Task goal
Beginning at the line that holds "Ημιτελής η έρευνα", transcribe each line exactly through the end of the records, and leave any pictures out.

Crawled caption data
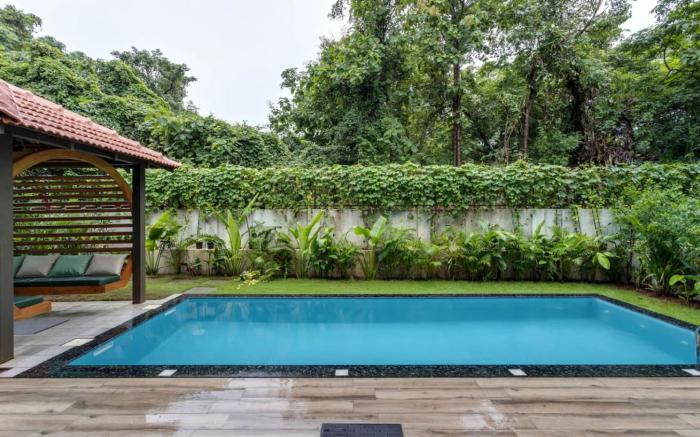 Casa Maxima - 4BR w Private Pool, 1km to the Beach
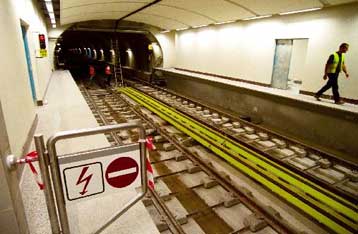 Ημιτελής η έρευνα της Κομισιόν για καταγγελίες σχετικά με το μετρό Θεσσαλονίκης, λέει ο Ευρωπαίος δι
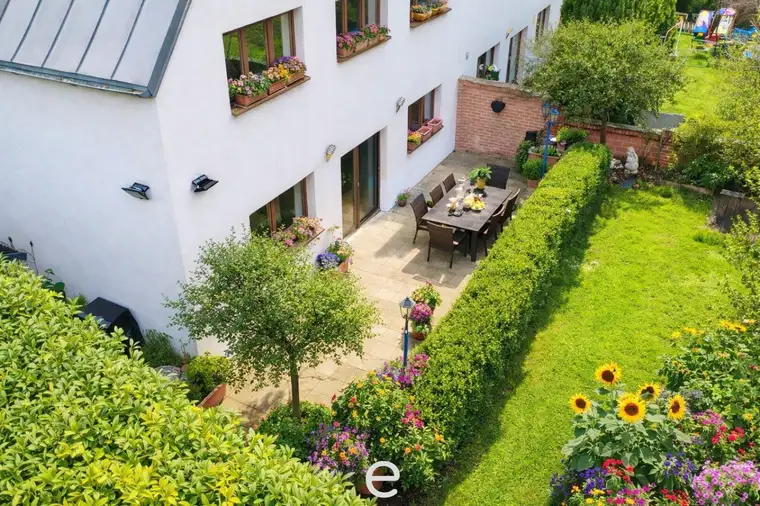 Stylische Doppelhaushälfte mit Dachterrasse, Garten und Doppelcarport in Gaaden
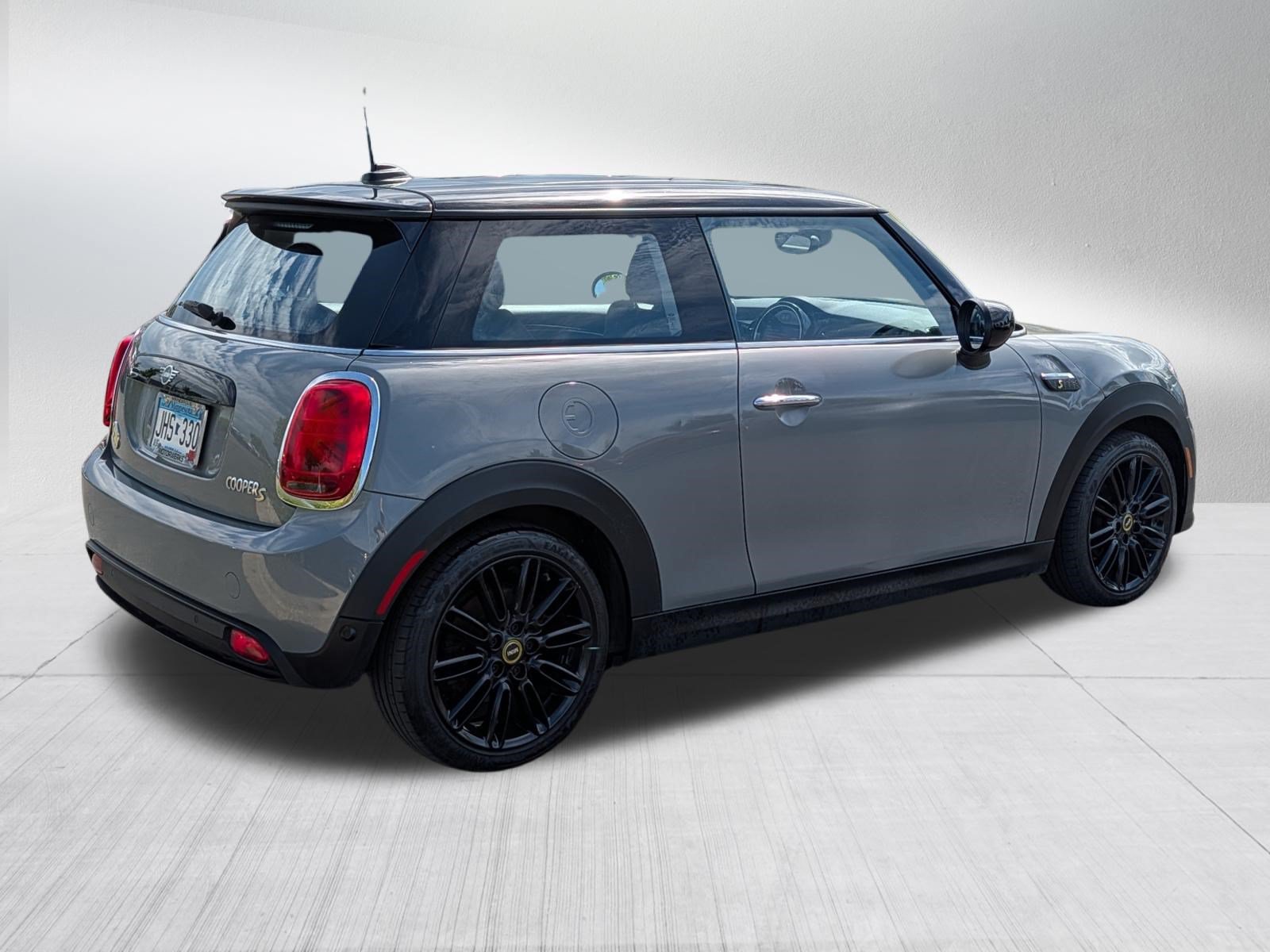 Used 2022 MINI Cooper SE FWD image 4
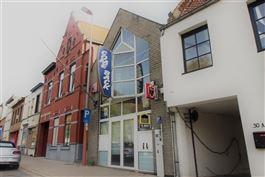 Commercieel gebouw te 8500 KORTRIJK (België) - Prijs 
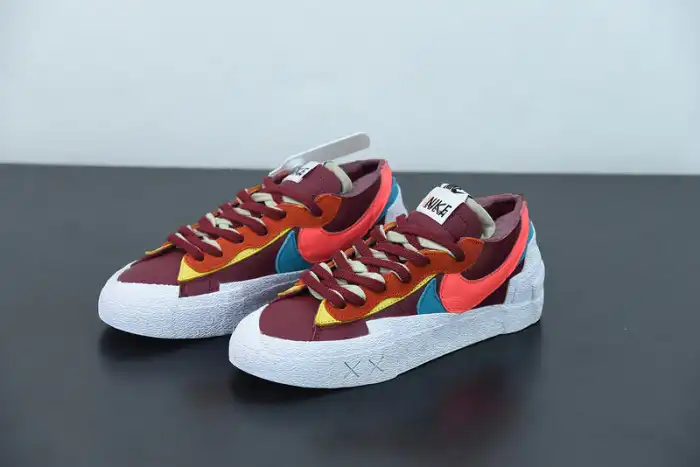 Rep Nike Blazer Low sacai KAWS Red DM7901-600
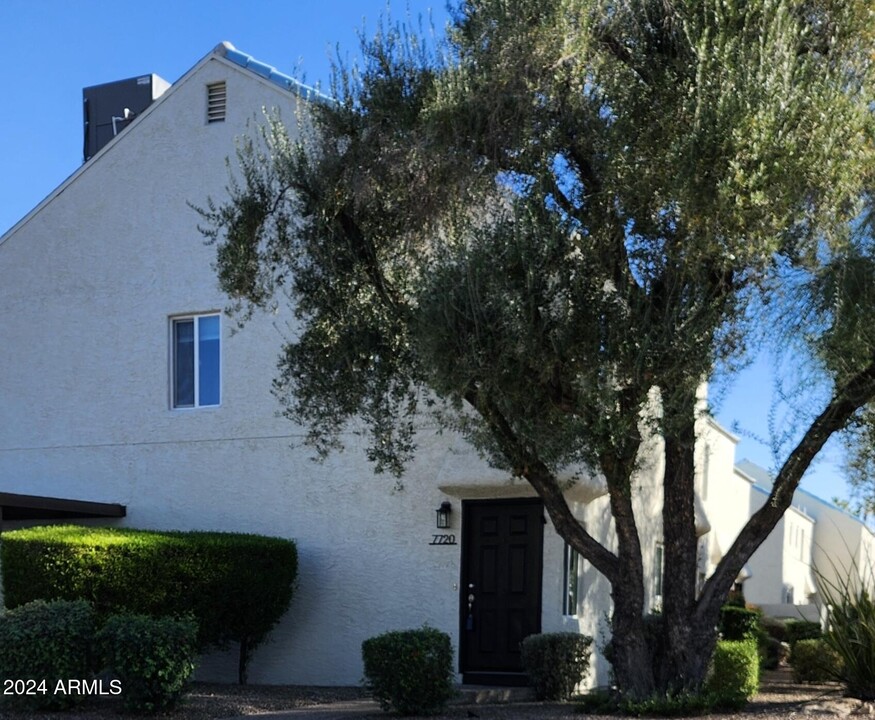 7720 E 1st Ave in Scottsdale, AZ - Foto de edificio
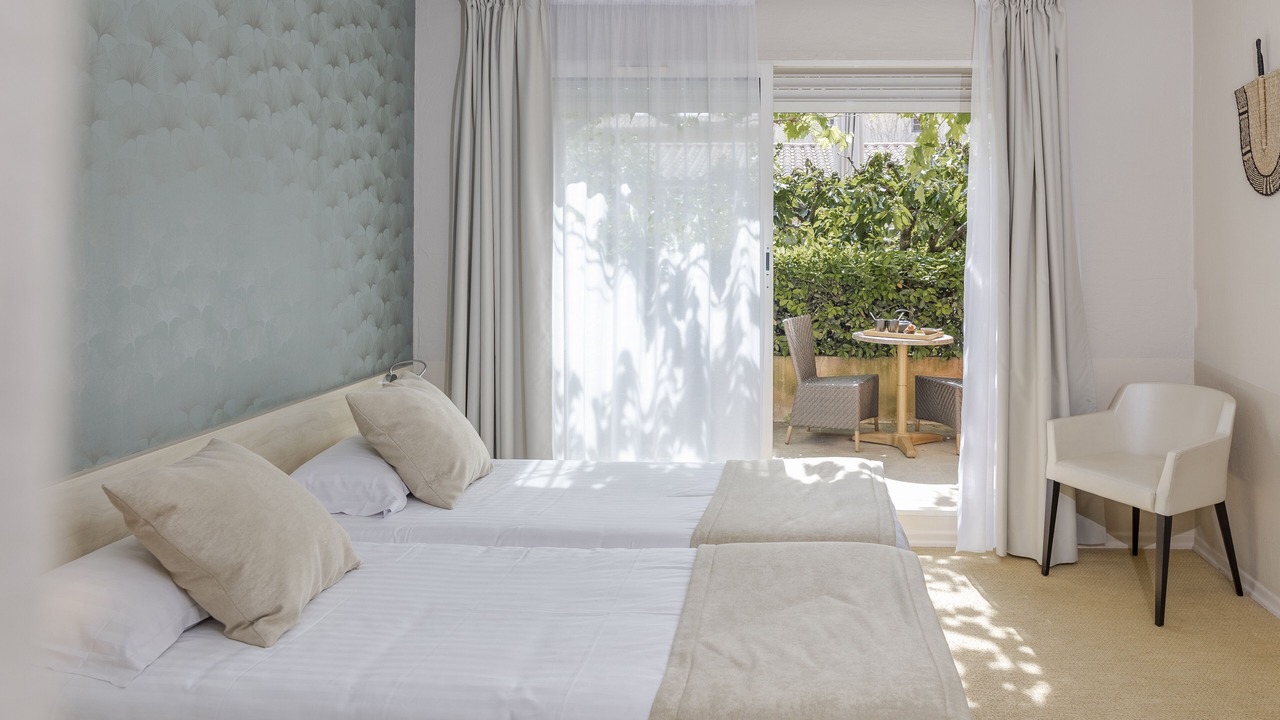 Photo of Bedroom in Charmes-sur-Rhone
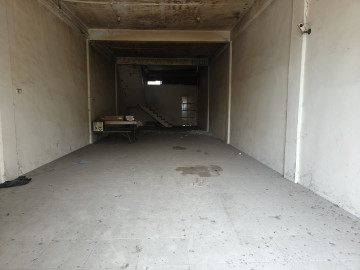 Disewakan Ruko 3 Lt Lokasi Jalan  Soekarno Hatta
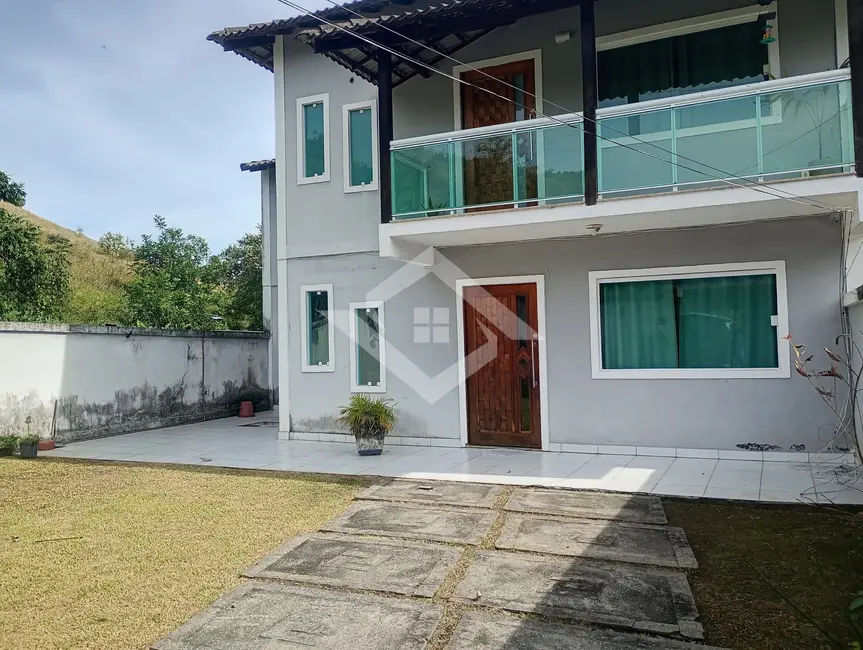 Foto 2 de Casa com 3 quartos à venda, 250m2 em Cotia, Guapimirim - RJ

Task output
 Ημιτελής η έρευνα της Κομισιόν για καταγγελίες σχετικά με το μετρό Θεσσαλονίκης, λέει ο Ευρωπαίος δι
 Stylische Doppelhaushälfte mit Dachterrasse, Garten und Doppelcarport in Gaaden
 Used 2022 MINI Cooper SE FWD image 4
 Commercieel gebouw te 8500 KORTRIJK (België) - Prijs 
 Rep Nike Blazer Low sacai KAWS Red DM7901-600
 7720 E 1st Ave in Scottsdale, AZ - Foto de edificio
 Photo of Bedroom in Charmes-sur-Rhone
 Disewakan Ruko 3 Lt Lokasi Jalan  Soekarno Hatta
 Foto 2 de Casa com 3 quartos à venda, 250m2 em Cotia, Guapimirim - RJ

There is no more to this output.